▸ **Directions for this task**:
The reply should hold only the lines below beginning at the one with "Volkswagen Caddy Maxi" and ending at the one with "Hamid Djalilian, MD", copied exactly, with every picture left out.

▸ **Dataset records**:
--- START ---
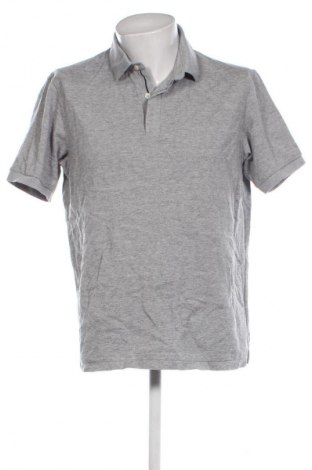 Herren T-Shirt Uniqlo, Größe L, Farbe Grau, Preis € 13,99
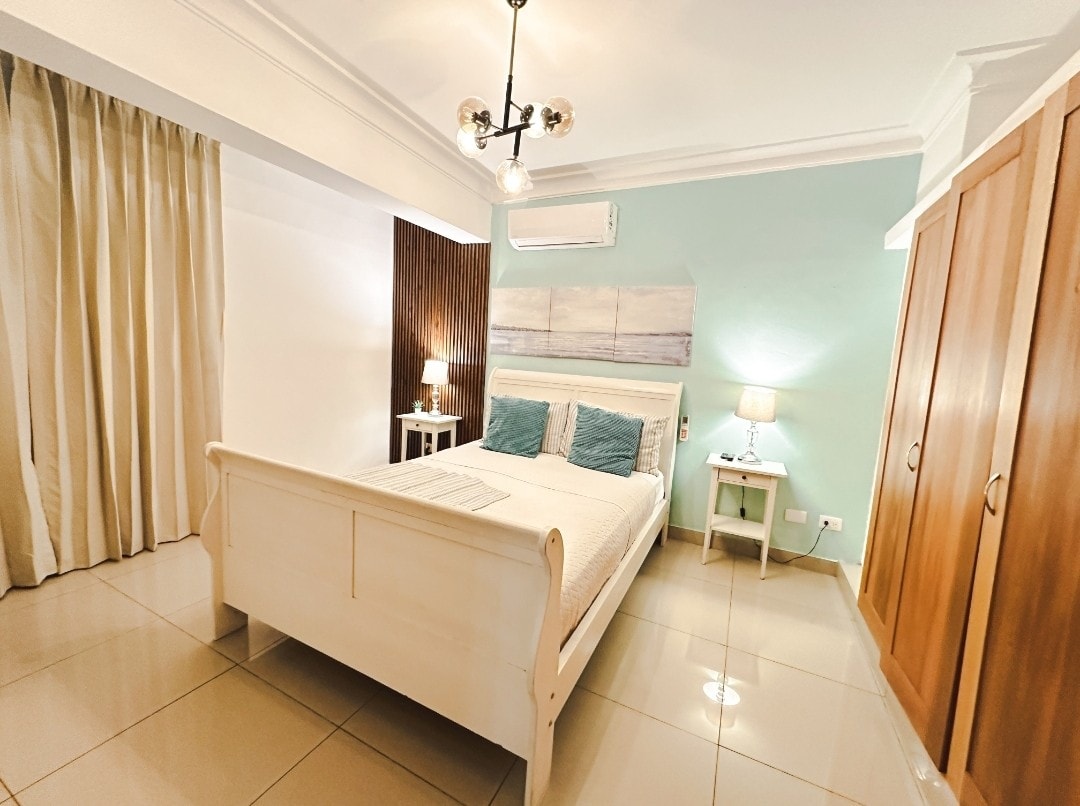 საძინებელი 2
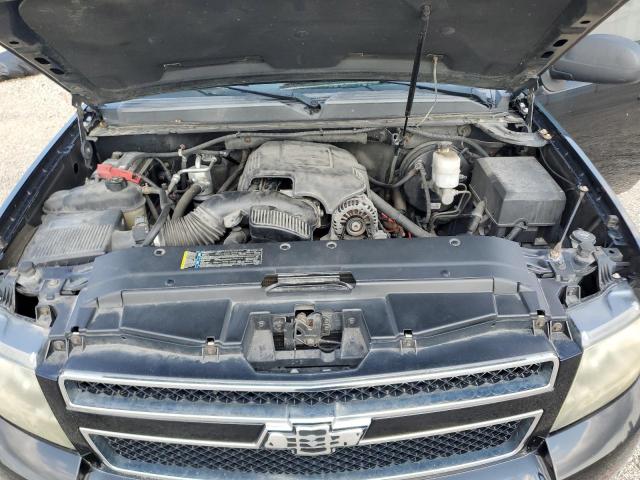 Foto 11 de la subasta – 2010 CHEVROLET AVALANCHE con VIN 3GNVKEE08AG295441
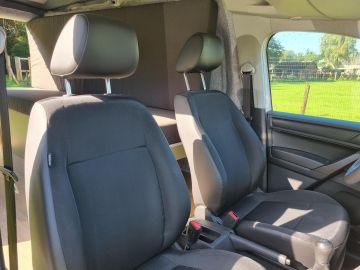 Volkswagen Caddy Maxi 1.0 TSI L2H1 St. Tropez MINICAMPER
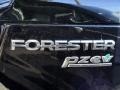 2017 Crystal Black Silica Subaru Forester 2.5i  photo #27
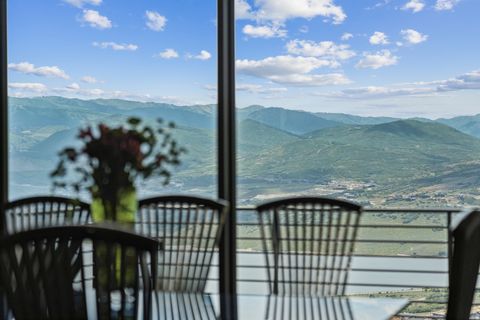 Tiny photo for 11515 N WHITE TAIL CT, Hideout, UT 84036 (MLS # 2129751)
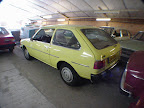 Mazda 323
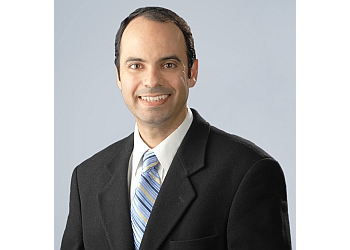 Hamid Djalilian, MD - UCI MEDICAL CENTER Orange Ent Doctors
--- END ---
--- START ---
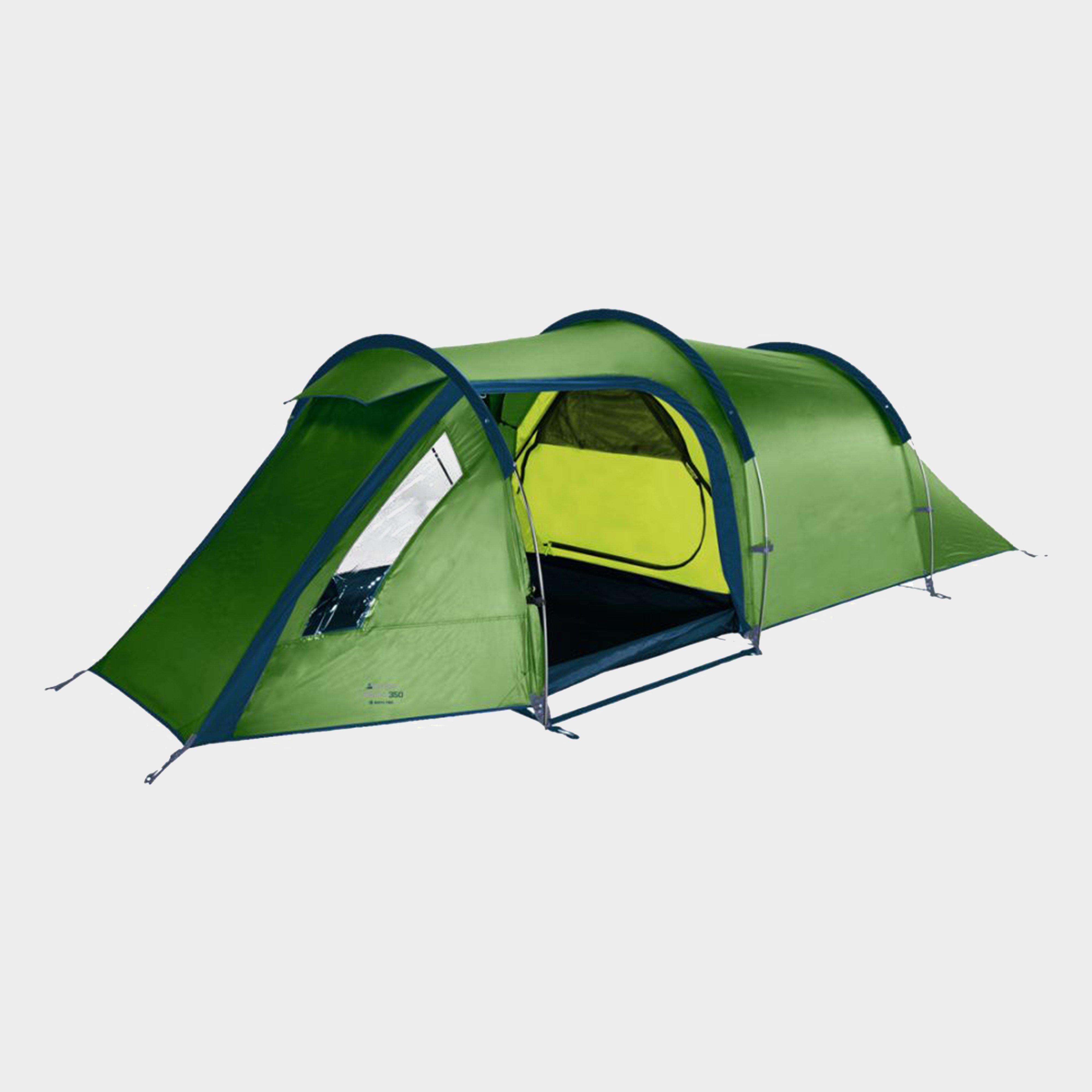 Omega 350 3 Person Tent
--- END ---
▸ **Your response**:
 Volkswagen Caddy Maxi 1.0 TSI L2H1 St. Tropez MINICAMPER
 2017 Crystal Black Silica Subaru Forester 2.5i  photo #27
 Tiny photo for 11515 N WHITE TAIL CT, Hideout, UT 84036 (MLS # 2129751)
 Mazda 323
 Hamid Djalilian, MD - UCI MEDICAL CENTER Orange Ent Doctors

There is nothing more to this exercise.